ACTION ITEM =
If a line in the entries includes "Shawl", show that line.
---- SUPPLIED DATA
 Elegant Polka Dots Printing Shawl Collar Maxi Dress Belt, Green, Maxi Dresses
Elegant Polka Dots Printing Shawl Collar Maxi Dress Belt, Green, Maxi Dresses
--------
---- SUPPLIED DATA
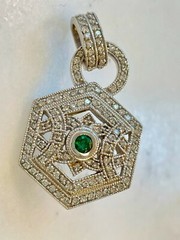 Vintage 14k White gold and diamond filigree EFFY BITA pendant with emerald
--------
TASK RESULT =
 Elegant Polka Dots Printing Shawl Collar Maxi Dress Belt, Green, Maxi Dresses
Elegant Polka Dots Printing Shawl Collar Maxi Dress Belt, Green, Maxi Dresses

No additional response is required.